Указав на основные слабые моменты современного ему анархизма, Алексей Боровой ищет адекватное философское обоснование для возвышенных целей и интересных социологических построений анархизма и находит его – в «философии жизни», отрицающей застывшие формы, признающей разум в качестве инструмента, а не господина и верховного судьи познания, провозглашающей примат жизни и практики над теорией, отвергающей «конечный идеал». Боровой ищет также и адекватное духу анархизма социальное движение – и находит его в революционном синдикализме: творческом, боевом, не скованном догмами и бюрократическими формами, рабочем движении, направленном против власти и эксплуатации, сохраняющем автономию индивидов и одновременно объединяющем их в совместном действии.

Алексей Боровой стремился углубить философию анархизма и расширить его теоретические перспективы, подвергнуть его самокритике и придать ему динамизм и открытость.

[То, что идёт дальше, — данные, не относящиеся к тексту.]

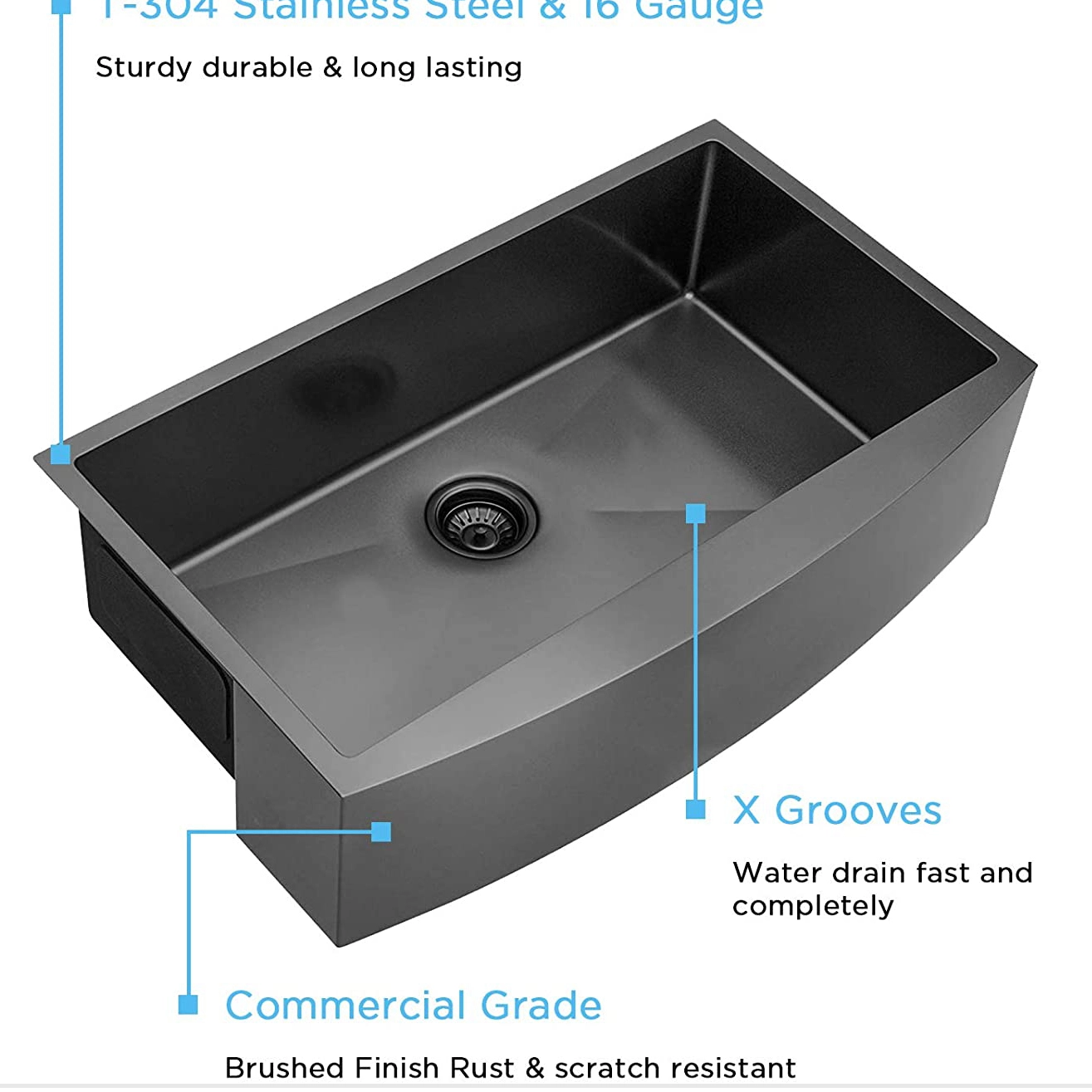 Pia de cozinha Aquacubic CUPC com certificação Gunmetal preta de tigela única para casa de fazenda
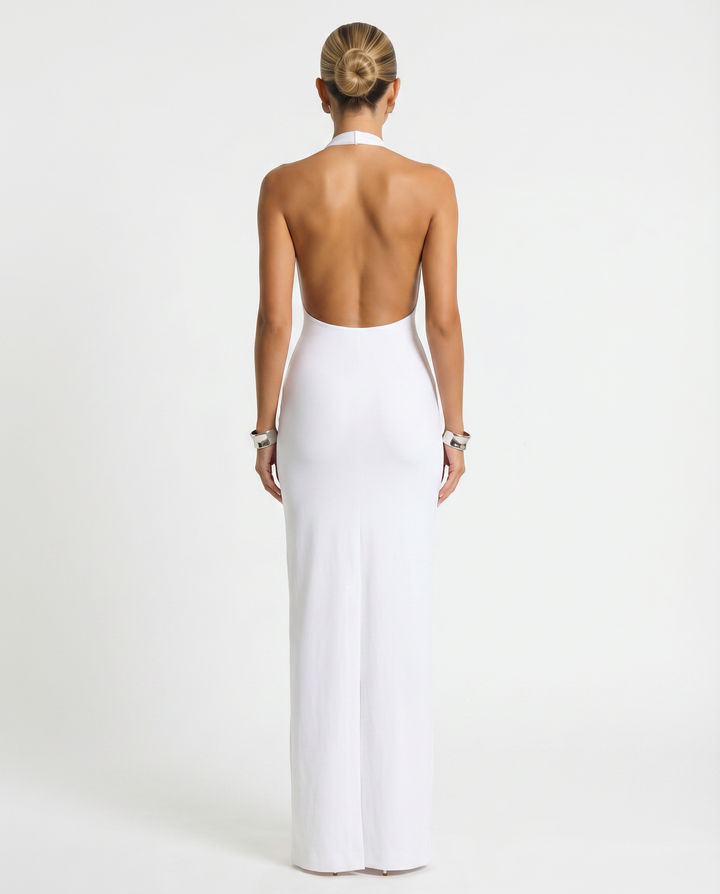 Aimee | Maxi Dress with Strapless Neckline and Back Slit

Он поставил и всесторонне рассмотрел вопрос о философских основах анархизма (в сравнении с либерализмом и государственным социализмом), разработал учение о личности и о невозможности конечного идеала в анархическом мировоззрении, дал новую интересную критику философии марксизма, обратился к возрождению бакунинского наследия, пытался преодолеть крайности чисто индивидуалистического и чисто социалистического направлений в анархизме, сочетав идеи Бакунина с идеями Штирнера и осуществив «прививку» социализма к индивидуализму и «прививку» индивидуализма – к социализму. Боровой отдал должное обществу, но провозгласил примат личности, как высшей ценности анархического миросозерцания.

Устами Алексея Борового, выступившего с публичной лекцией об анархизме в Государственном Историческом Музее, анархизм в России впервые в 1906 году открыто, легально и публично высказал свое кредо. Алексей Боровой подвергался гонениям и при самодержавном, и при большевистском режиме и, в отличие от многих своих соратников и единомышленников, (в частности, в отличие от упомянутых И.Гроссман-Рощина и Я.Новомирского) до конца остался верен своим взглядам и идеалам. Ему выпало тогда, в 1930-ые годы, завершить – на целых полвека! – русскую анархическую традицию и кануть в безвестность. Сегодня наконец следует воздать должное этому замечательному мыслителю, проповеднику свободы и певцу личности. И, по нашему убеждению, из всех анархических мыслителей ХХ века, именно Алексей Алексеевич Боровой сегодня актуален в наибольшей степени. Помимо конкретных идей, современные анархисты могут позаимствовать у Алексея Борового его честность как мыслителя и его способность к бесстрашному отрицанию устаревших догм, его романтический пафос свободы и борьбы, поэтическое воспевание личности, веру в свободную волю свободного от опеки человека. Алексей Боровой сделал все, что мог, для того, чтобы анархизм стал глубже и современнее, он поставил многие вопросы, которые и по сей день ждут своего ответа. Возрождаемый русский анархизм не может игнорировать этого выдающегося, честного и благородного мыслителя и не должен забыть его.